Office of Consumer Affairs Dismantles Organized ID Fraud Ring
April 27, 2007
Atlanta, GA – Criminal investigators from the Georgia Governor’s Office of Consumer Affairs (OCA) and special agents from the United States Secret Service (USSS), working in conjunction with members of the Atlanta Police Department, U.S. Postal Inspection Service and the Georgia Attorney General’s Office, have shut down a major fake ID and counterfeit check manufacturer and made several key arrests in an identity fraud ring that operated up and down the East Coast from Florida to New Jersey for several years.
Starting with data breaches at an Atlanta-based health care facility and a well-known check-processing company, investigators traced the crime to the top, where they uncovered an underground facility that manufactured counterfeit checks and fake IDs, including driver’s licenses, student ID cards and fraudulent employee identification cards, which were used by the group and supplied to other fraud rings. On a single computer confiscated in the seizure investigators discovered over 2,400 Photoshop files of completed fake IDs, among which were driver’s licenses from Georgia, North Carolina, Tennessee, Maryland, Alabama, Kansas, Mississippi, California and many other states. Other equipment seized included cameras, identification card printers and professional grade check printers.
Investigators have made over ten arrests so far, including that of alleged ring leader Christopher Shawn Pope, aka “Tuna”, who is charged with racketeering.
The 10-month investigation that led to the recent arrests began with the apprehension of a healthcare facility employee who is alleged to have stolen confidential client information (names, addresses, dates of births, social security numbers, and bank account numbers) that she obtained from the company’s database. The employee allegedly sold that information to a woman who, in turn, passed it along to a runner in exchange for fake checks and corresponding fake IDs. The woman and her “crew” allegedly used the fake IDs to purchase merchandise, some of which would later be returned for gift cards or cash.

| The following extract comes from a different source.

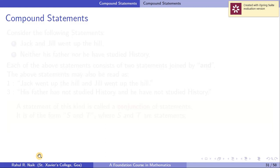Welcome to my YouTube channel Mathema. This is the third lecture in the course, a foundation course in Mathematics. In this lecture we will be discussing compound statements, their negation, and statements involving compound statements and quantifiers. Let's start with the compound statement.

Tracing the source of the compromised information and counterfeit checks and IDs led to the discovery of an affinity group called the House of Milan. Some members of this and other similar social organizations are part of a small criminal subculture in which individuals support their lifestyle through fraud.
The investigation of the members and structure of the organization eventually linked to a high-ranking figure currently being sought for an outstanding racketeering warrant and to a top man of the fraud subculture himself, Christopher Shawn Pope, aka “Tuna”.
“The impact of this case is tremendous,” pronounced Joe Doyle, Administrator of the Governor’s Office of Consumer Affairs. “By taking down the major players at the top of the fraud supply chain, you put a lot of identity thieves out of business.”
This is the third counterfeit ID manufacturing scheme that OCA and the US Secret Service have exposed in the seven-week period beginning March 7, 2007. The investigation continues, and additional arrests are expected.